Inside the courtroom at the Aleppo Palace of Justice (Syria), November 18, 2025. BAKR ALKASEM/AFP
With hoods pulled over their heads, seven defendants were brought in by the military police, unshackled, some in uniform, into a room at the Aleppo Palace of Justice. Another seven, handcuffed and with their heads lowered, followed in single file. Members of the security forces belonging to Syria's new authorities and supporters of former dictator Bashar al-Assad sat together in the dock as the trial opened on Tuesday, November 18, in northern Syria's largest city, to judge the crimes committed from March 7 to 9 on the Alawite coast.
Clashes broke out after a rebellion organized by former officers loyal to al-Assad against the security forces in coastal cities. The counter-offensive led by these forces, along with armed factions and volunteers, escalated into massacres of Alawite civilians, a religious minority from which the al-Assad clan descends. A government commission of inquiry concluded in July that more than 1,400 people – mostly civilians, along with 238 members of the security forces – were killed.

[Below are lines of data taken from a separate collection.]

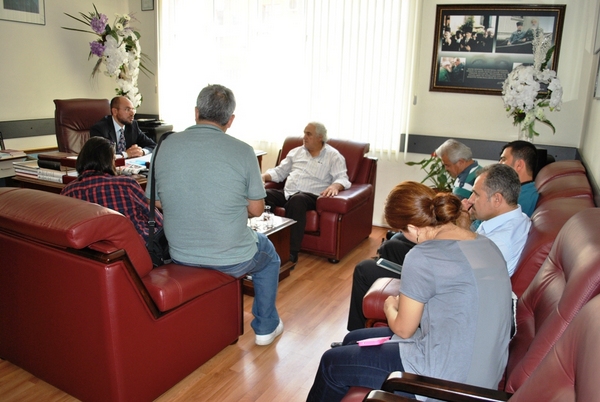 Manavgatta Camiler ve Din G&#246;revlileri Haftası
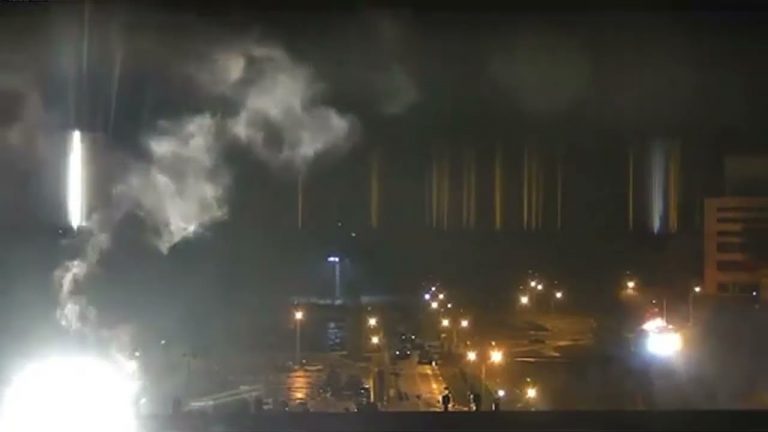Peste 40 de ţări, inclusiv România, îi cer Rusiei să îşi retragă imediat trupele de la centrala nucleară Zaporojie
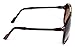 Aviator Sunglasses Retro Hip Hop Turbo Evidence Fashion Tortoise Frame
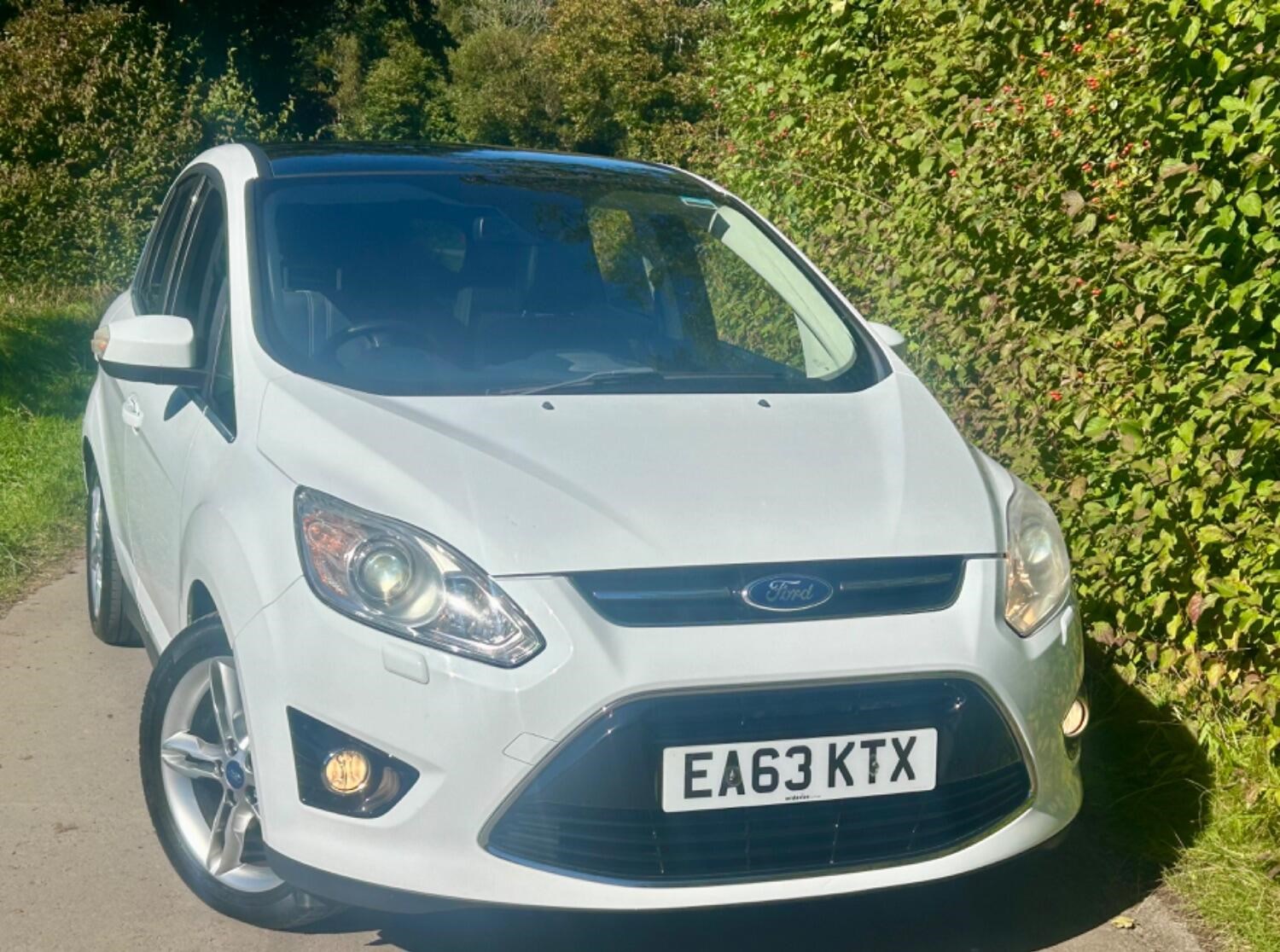 Ford C-Max Listing Image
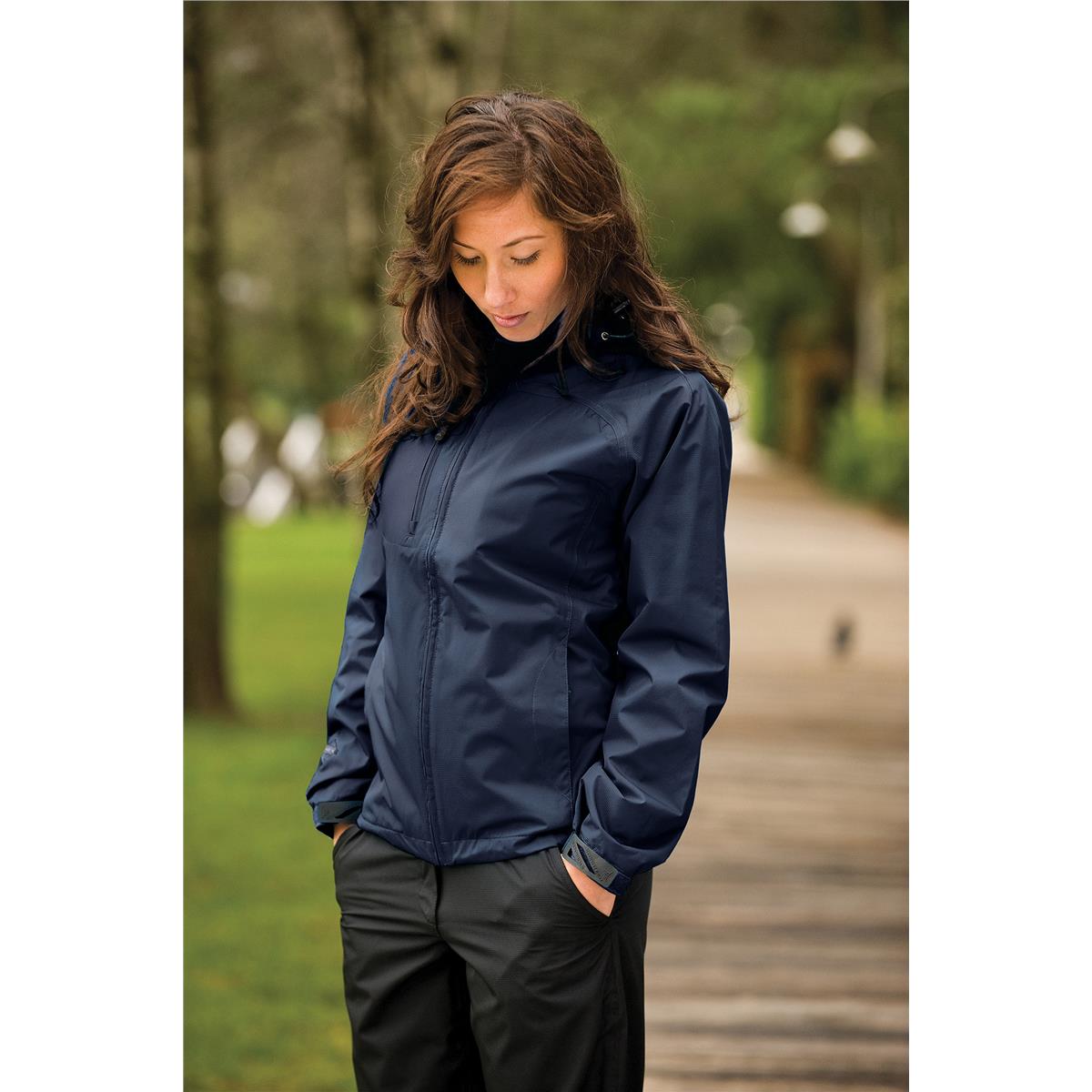 Women's Stratus Shell - view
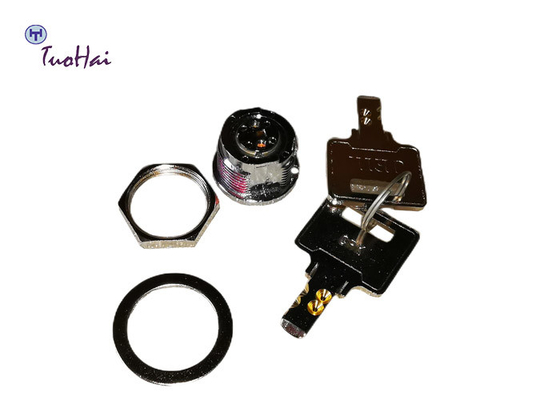 S4901000061 4901000061 Hyosung ATM Parts 5600T HCDU 5600ST MX8600 Cassette Lock Set Key 4901000061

In the cramped courtroom, given the trial's significance, dozens of Syrian and foreign journalists filled the benches behind a handful of families. "The transparency we are witnessing in this trial is unprecedented. Justice will be served for all the defendants, regardless of their military background, faith or ideology," promised Baraa Abdel Rahman, spokesperson for the Ministry of Justice. "This is a milestone for strengthening the rule of law. Without a truly fair and transparent trial, there will be no stability in the country," he added while highlighting the issue of arms control.